Cornell Woolrich, escritor mais conhecido em Portugal pelos livros publicados pelas colecções Vampiro e Xis sob o pseudónimo de William Irish, foi o autor do conto que John Michael Hayes transformou no argumento que Hitchcock trabalhou para nós, espectadores. Com os seus planos, sequências, direcção de actores, com a montagem de George Tomasini, a direcção de fotografia de Robert Burks, a direcção artística de Joseph MacMillan Johnson e de Hal Pereira, a cenografia de Sam Comer e Ray Moyer, a música de Franz Waxman e o guarda-roupa de Edith Head, Hitchcock montou um malabarismo de vidas tão benignamente devassadas como, por oposição, o são doentiamente em “Violação de Privacidade”, de Philip Noyce (1993), um termo de comparação para tentarmos entender como podem ser tão diferentes os resultados de pontos de partida tão semelhantes.

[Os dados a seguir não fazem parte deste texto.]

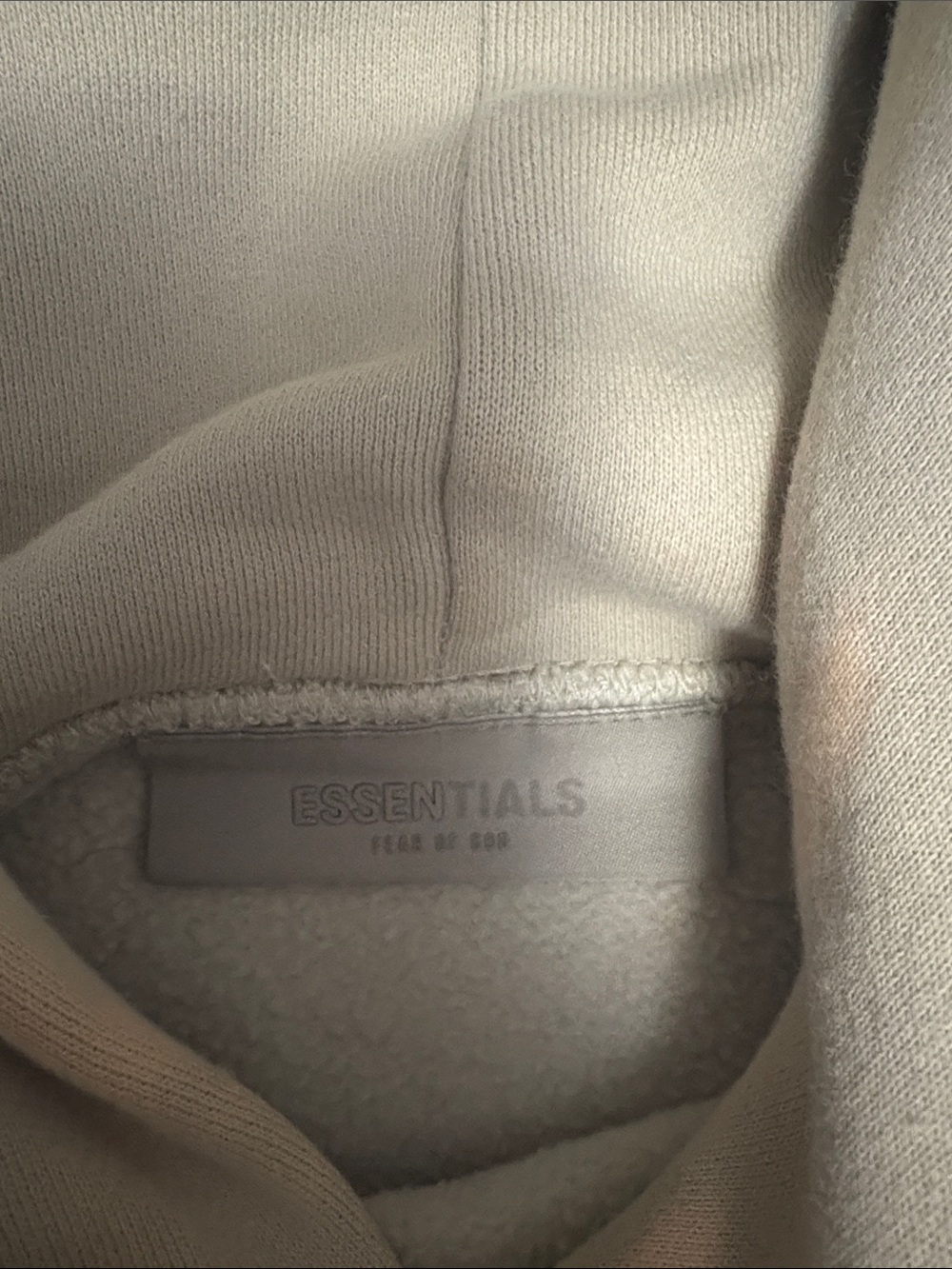 Essentials Men's Hoodie in Beige with Black '1977' Printing - Picture 2 of 4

Jefferies tem vida própria, não vive a vida dos seus vizinhos. Tem uma namorada elegante (Grace Kelly), aprecia a “filosofia caseira” da fisioterapeuta enviada pela companhia de seguros (Thelma Ritter), recebe um amigo da secção de homicídios da polícia (Wendell Corey). Para vencer o tédio e o calor do Verão de Nova Iorque, entretém-se, enquanto convalesce de uma perna partida no seu pequeno apartamento, a seguir os modos de viver dos seus vizinhos, que lhe merecem, alternadamente, compreensão, admiração, compaixão e curiosidade: o casal que dorme na varanda, o compositor, a bailarina, os recém-casados, a solteirona solitária, a escultora, o caixeiro-viajante e a mulher.

Mas nesse fabuloso cenário confinado das traseiras de quatro prédios e do pátio interior que aquelas delimitam, o que mais há é vida, não só a dos inquilinos vigiados por Jefferies, mas a que  Hitchcock nos faz adivinhar através da estreita abertura que dá para a rua traseira: os carros que passam, as crianças que brincam no passeio, um homem que vende jornais, outro que franqueia a passagem para entregar um bloco de gelo ao domicílio. Sim, ali há lares, ali há gente; tudo tão bem representado que nos custa dizer-lhes adeus.